> [Task description] Exact reproduction of all the data is required, with pictures excluded.

[[ Dataset excerpts open ]]

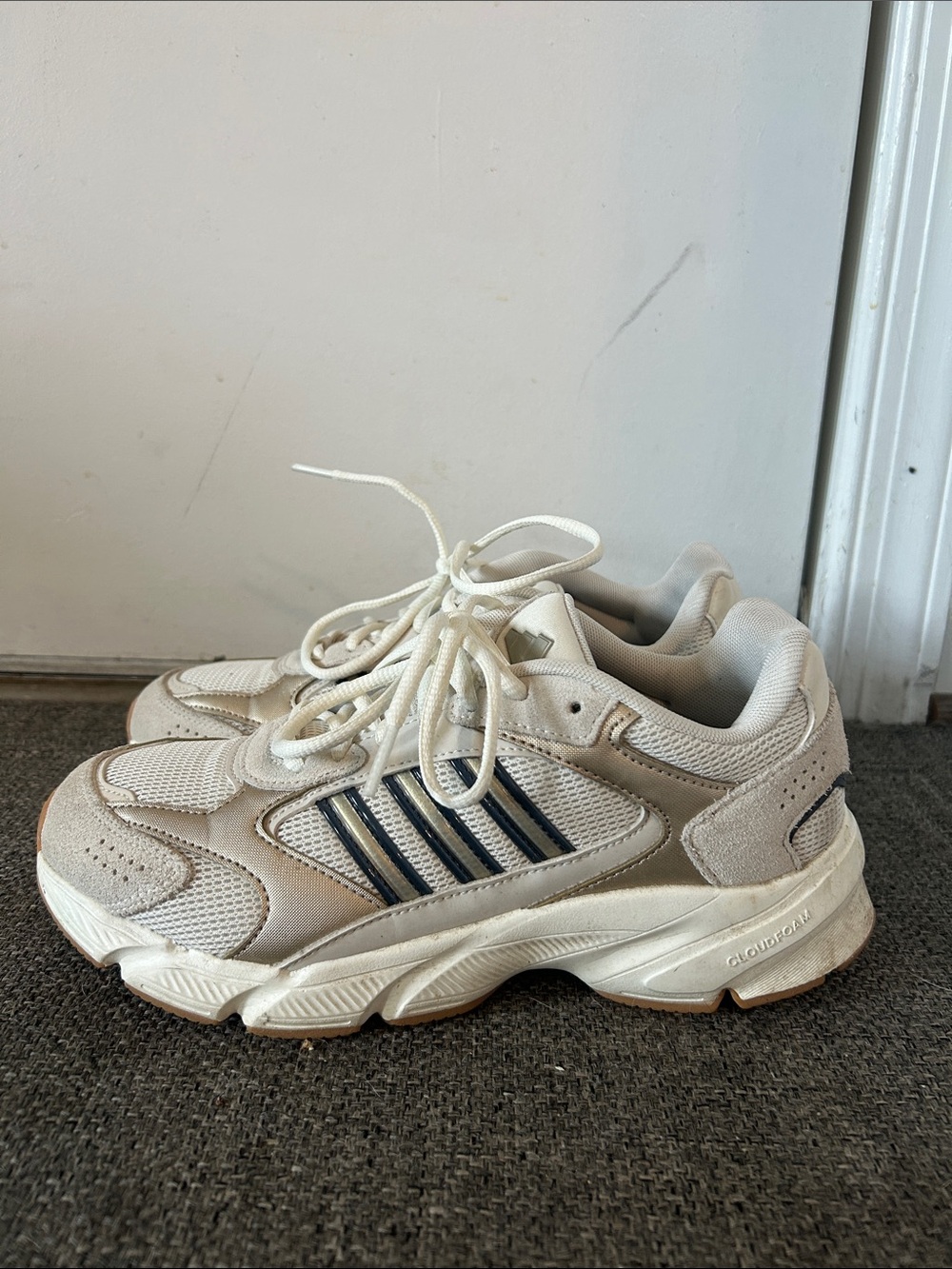 adidas Womens cloud foam sneakers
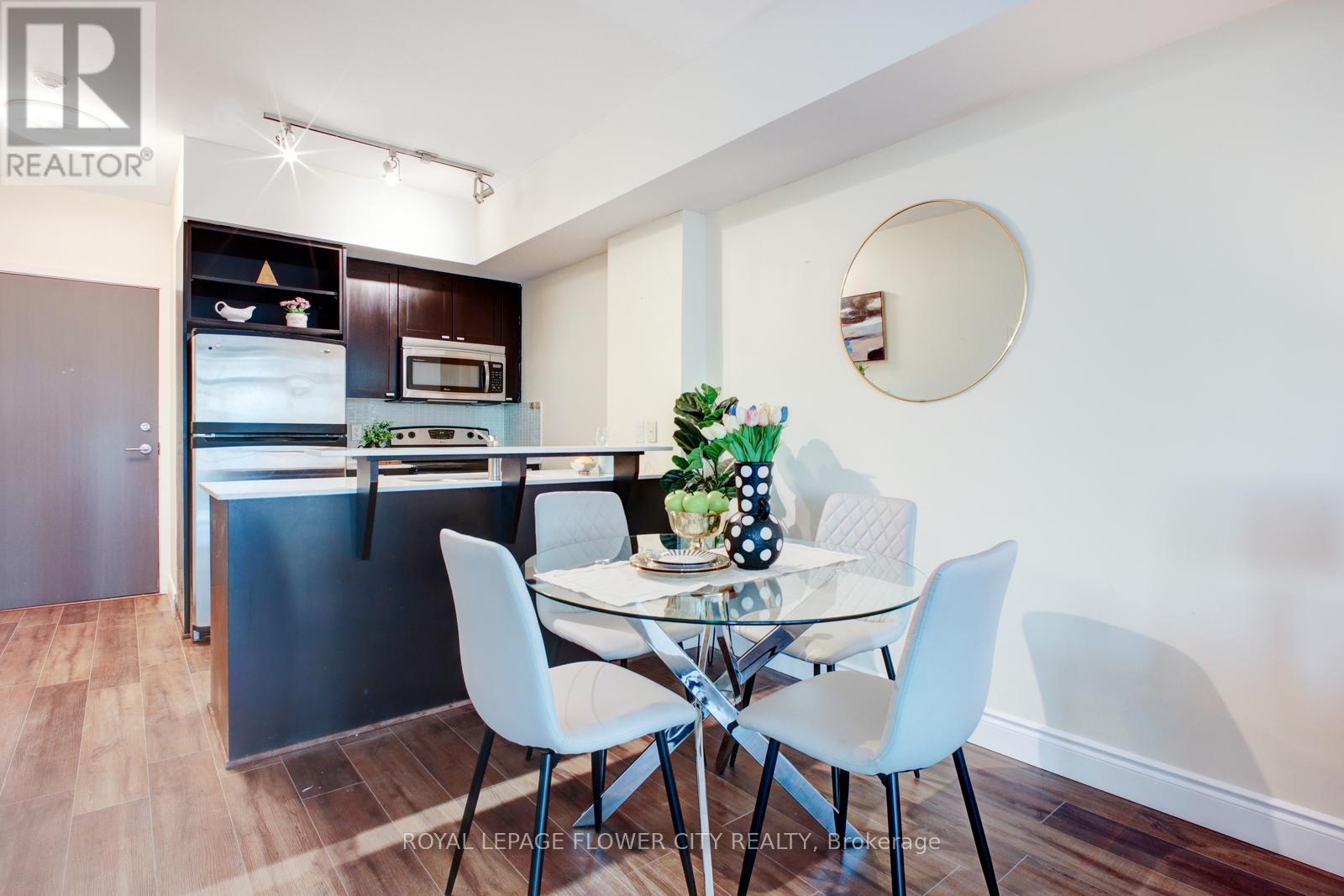 












2407 - 103 THE QUEENSWAY AVENUE

,
Toronto,




Ontario
M6S5B3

[[ Dataset excerpts closed ]]

> [Output of the task]
 adidas Womens cloud foam sneakers












2407 - 103 THE QUEENSWAY AVENUE

,
Toronto,




Ontario
M6S5B3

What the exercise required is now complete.